Below are some entries; write out each one of them exactly.

MATERIAL FOR THIS EXERCISE Block Start

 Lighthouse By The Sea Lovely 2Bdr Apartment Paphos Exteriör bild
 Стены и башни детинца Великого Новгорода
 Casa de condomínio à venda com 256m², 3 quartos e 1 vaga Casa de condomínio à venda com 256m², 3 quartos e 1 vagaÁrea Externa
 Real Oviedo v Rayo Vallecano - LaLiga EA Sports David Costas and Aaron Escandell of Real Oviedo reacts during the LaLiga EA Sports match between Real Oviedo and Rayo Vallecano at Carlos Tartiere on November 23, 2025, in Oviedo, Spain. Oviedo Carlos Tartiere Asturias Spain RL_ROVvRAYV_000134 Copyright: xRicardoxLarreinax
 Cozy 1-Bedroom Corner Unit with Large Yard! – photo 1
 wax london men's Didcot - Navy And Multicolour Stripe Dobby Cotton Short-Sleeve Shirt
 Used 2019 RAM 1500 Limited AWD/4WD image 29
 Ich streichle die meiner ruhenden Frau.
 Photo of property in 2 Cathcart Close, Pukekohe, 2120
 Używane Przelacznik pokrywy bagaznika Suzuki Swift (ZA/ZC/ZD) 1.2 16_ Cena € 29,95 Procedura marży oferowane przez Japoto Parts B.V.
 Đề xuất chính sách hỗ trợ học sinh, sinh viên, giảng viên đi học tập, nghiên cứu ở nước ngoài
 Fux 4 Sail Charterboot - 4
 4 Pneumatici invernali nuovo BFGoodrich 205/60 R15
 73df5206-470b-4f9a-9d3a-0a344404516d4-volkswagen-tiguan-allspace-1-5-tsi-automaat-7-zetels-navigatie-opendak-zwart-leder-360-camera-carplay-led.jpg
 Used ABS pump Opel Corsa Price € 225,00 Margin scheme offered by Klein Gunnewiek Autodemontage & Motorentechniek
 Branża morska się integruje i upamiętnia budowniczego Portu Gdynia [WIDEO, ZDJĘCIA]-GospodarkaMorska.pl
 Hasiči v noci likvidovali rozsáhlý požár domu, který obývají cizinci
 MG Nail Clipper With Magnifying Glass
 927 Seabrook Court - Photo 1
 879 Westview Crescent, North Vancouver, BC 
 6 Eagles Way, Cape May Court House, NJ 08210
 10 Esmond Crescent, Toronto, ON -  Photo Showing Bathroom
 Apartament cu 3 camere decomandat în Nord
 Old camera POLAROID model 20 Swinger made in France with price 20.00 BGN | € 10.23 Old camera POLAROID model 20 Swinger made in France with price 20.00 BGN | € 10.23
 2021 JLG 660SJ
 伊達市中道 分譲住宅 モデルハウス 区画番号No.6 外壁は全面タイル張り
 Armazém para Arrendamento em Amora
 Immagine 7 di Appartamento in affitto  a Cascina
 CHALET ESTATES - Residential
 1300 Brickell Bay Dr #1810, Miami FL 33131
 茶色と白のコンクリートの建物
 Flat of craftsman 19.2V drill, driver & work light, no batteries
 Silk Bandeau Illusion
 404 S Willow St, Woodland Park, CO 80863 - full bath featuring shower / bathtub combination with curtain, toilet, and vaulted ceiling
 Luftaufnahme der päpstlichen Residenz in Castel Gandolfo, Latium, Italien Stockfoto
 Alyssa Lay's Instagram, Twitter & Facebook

MATERIAL FOR THIS EXERCISE Block End

EXERCISE RESULT
 Lighthouse By The Sea Lovely 2Bdr Apartment Paphos Exteriör bild
 Стены и башни детинца Великого Новгорода
 Casa de condomínio à venda com 256m², 3 quartos e 1 vaga Casa de condomínio à venda com 256m², 3 quartos e 1 vagaÁrea Externa
 Real Oviedo v Rayo Vallecano - LaLiga EA Sports David Costas and Aaron Escandell of Real Oviedo reacts during the LaLiga EA Sports match between Real Oviedo and Rayo Vallecano at Carlos Tartiere on November 23, 2025, in Oviedo, Spain. Oviedo Carlos Tartiere Asturias Spain RL_ROVvRAYV_000134 Copyright: xRicardoxLarreinax
 Cozy 1-Bedroom Corner Unit with Large Yard! – photo 1
 wax london men's Didcot - Navy And Multicolour Stripe Dobby Cotton Short-Sleeve Shirt
 Used 2019 RAM 1500 Limited AWD/4WD image 29
 Ich streichle die meiner ruhenden Frau.
 Photo of property in 2 Cathcart Close, Pukekohe, 2120
 Używane Przelacznik pokrywy bagaznika Suzuki Swift (ZA/ZC/ZD) 1.2 16_ Cena € 29,95 Procedura marży oferowane przez Japoto Parts B.V.
 Đề xuất chính sách hỗ trợ học sinh, sinh viên, giảng viên đi học tập, nghiên cứu ở nước ngoài
 Fux 4 Sail Charterboot - 4
 4 Pneumatici invernali nuovo BFGoodrich 205/60 R15
 73df5206-470b-4f9a-9d3a-0a344404516d4-volkswagen-tiguan-allspace-1-5-tsi-automaat-7-zetels-navigatie-opendak-zwart-leder-360-camera-carplay-led.jpg
 Used ABS pump Opel Corsa Price € 225,00 Margin scheme offered by Klein Gunnewiek Autodemontage & Motorentechniek
 Branża morska się integruje i upamiętnia budowniczego Portu Gdynia [WIDEO, ZDJĘCIA]-GospodarkaMorska.pl
 Hasiči v noci likvidovali rozsáhlý požár domu, který obývají cizinci
 MG Nail Clipper With Magnifying Glass
 927 Seabrook Court - Photo 1
 879 Westview Crescent, North Vancouver, BC 
 6 Eagles Way, Cape May Court House, NJ 08210
 10 Esmond Crescent, Toronto, ON -  Photo Showing Bathroom
 Apartament cu 3 camere decomandat în Nord
 Old camera POLAROID model 20 Swinger made in France with price 20.00 BGN | € 10.23 Old camera POLAROID model 20 Swinger made in France with price 20.00 BGN | € 10.23
 2021 JLG 660SJ
 伊達市中道 分譲住宅 モデルハウス 区画番号No.6 外壁は全面タイル張り
 Armazém para Arrendamento em Amora
 Immagine 7 di Appartamento in affitto  a Cascina
 CHALET ESTATES - Residential
 1300 Brickell Bay Dr #1810, Miami FL 33131
 茶色と白のコンクリートの建物
 Flat of craftsman 19.2V drill, driver & work light, no batteries
 Silk Bandeau Illusion
 404 S Willow St, Woodland Park, CO 80863 - full bath featuring shower / bathtub combination with curtain, toilet, and vaulted ceiling
 Luftaufnahme der päpstlichen Residenz in Castel Gandolfo, Latium, Italien Stockfoto
 Alyssa Lay's Instagram, Twitter & Facebook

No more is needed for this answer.